Ich weiß gar nicht, wie oft ich solchen Thesen schon widersprochen habe. Zur Zeit siond etwa 1,7 Billionen Euro in die neuen Bundesländer geflossen. Ein Teil davon in Form von Konsumsubventionen, aber der größere Teil in Form von Investitionen. In den neuen Bundesländern wurde jedes Kraftwerk, jede Kläranlage, Autobahn, Strom-, Gas- und Wassertrasse, jeder Flughafen, Hafen oder größere Bahnhof, jede Schaltanlage, praktisch jedes größere Gebäude und komplett Berlin sowie die Innenstädte aller Hansestädte entweder neu gebaut oder modernisiert.
Und selbst wenn -und ich sage "wenn", nicht "obwohl" - selbst wenn diese Baumaßnahmen komplett durch Westfirmen durchgeführt worden wären, dann wäre doch trotzdem nur die Gewinnspanne in die alten Bundesländer zurückgeflossen. Also etwa 5%. Die restlichen 95% der Investitionen bleiben ja in den neuen Bundesländern, weil die gebauten Gebäude, Infrastrukturen usw ja da sind.
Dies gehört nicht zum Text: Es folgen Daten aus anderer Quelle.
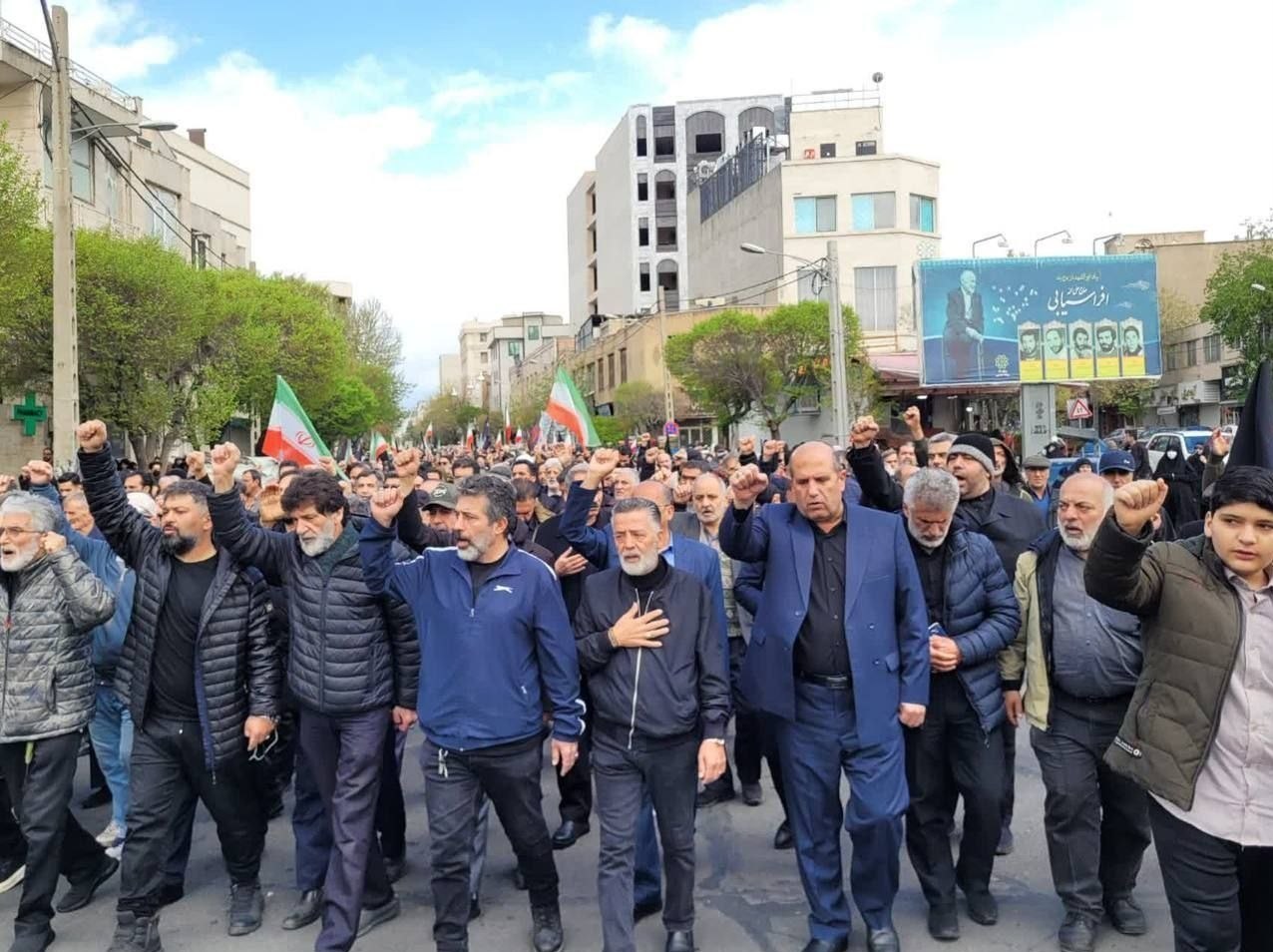 شهید , گلزار شهدا , دفاع مقدس , 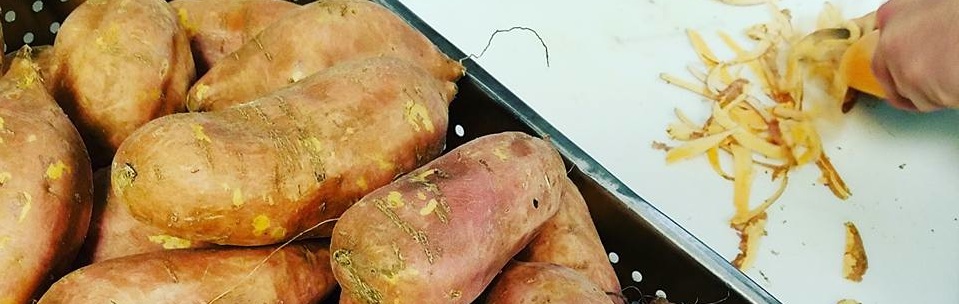 yam.jpg yam.jpg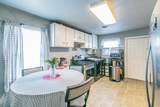 4816 Inwood Drive - Photo 5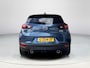Mazda CX-3 2.0 SkyActiv-G 120 Sport Selected | Cruise control | Keyless start | Parkeersensoren achter | Achteruitrij camera | Stoelverwarming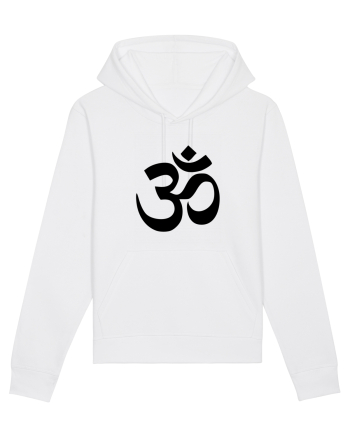 OM Design White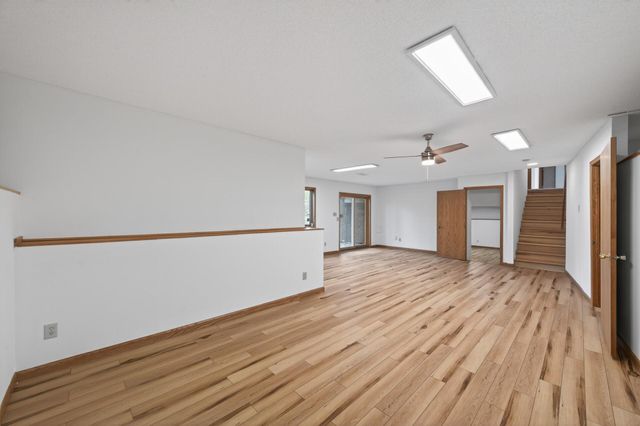 9000 Ashley Terrace, Brooklyn Park, MN 55443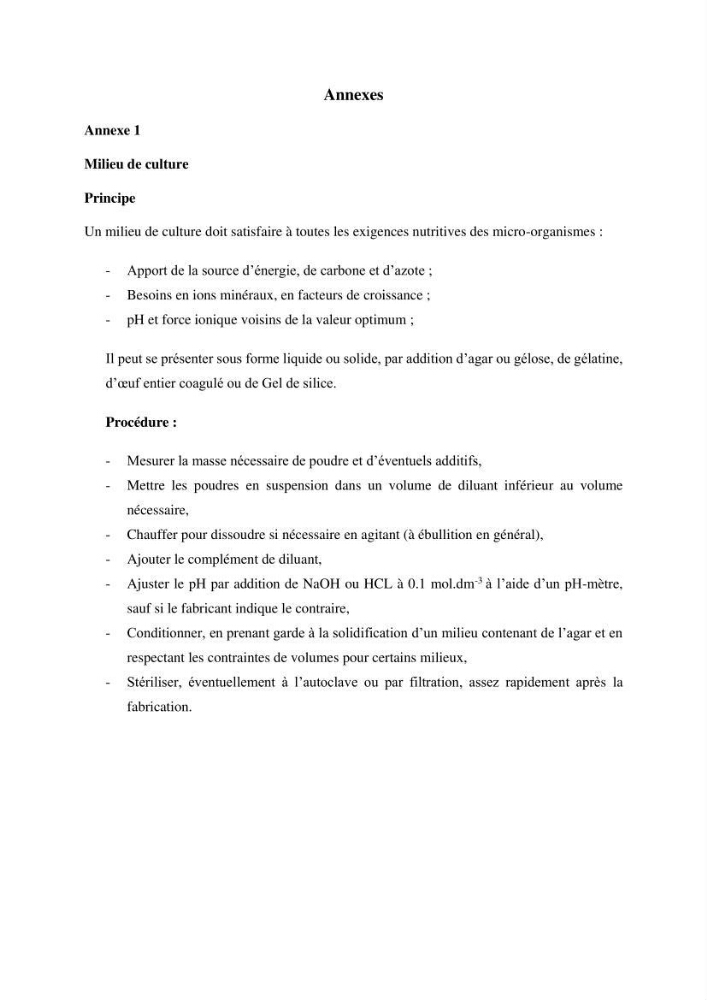 Analyse microbiologique et évaluation de la résistance aux antibiotiques des eaux de plages algéroises.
Entscheidend dabei ist ja nicht, welche Rechnungsadresse die Baufirma hat, sondern WO das steht, was gebaut worden ist.
Wenn wir also davon ausgehen, dass bereits heute über 1,5 Billionen Euro in Investitionen der neuen Bundesländer geflossen sind - wie kann man da NICHT vom "Aufbau" sprechen? Der Kommunismus hat ein völlig verseuchtes, zerstörtes, ausgebeutetes und technisch 50 Jahre zurückliegendes Land hinterlassen. Und die Bundesrepublik hat diese unmenschlichen Schäden beseitigt.
Was wir nicht mit Geld beseitigen konnten, waren die Schäden in den Köpfen der Leute. Ob Kohl das zum damaligen Zeitpunkt wusste, wird man wohl nie erfahren. Aber selbst wenn er es wusste, dann hätte er mit sicherheit in diesem Punkt gelogen: sehr viele Bewohner der DDR waren nach 60 Jahren Sozialismus derart verbogen und defomiert, dass ein Leben in Selbstverantwortung, Freiheit und Leistungsbereitschaft nicht mehr möglich war. Am "geistigen Aufbau" ist die BUndesrepublik gescheitert. Im Gegenteil hat die DDR die BUndesrepublik sogar noch teilweise runter in den Dreck gezogen.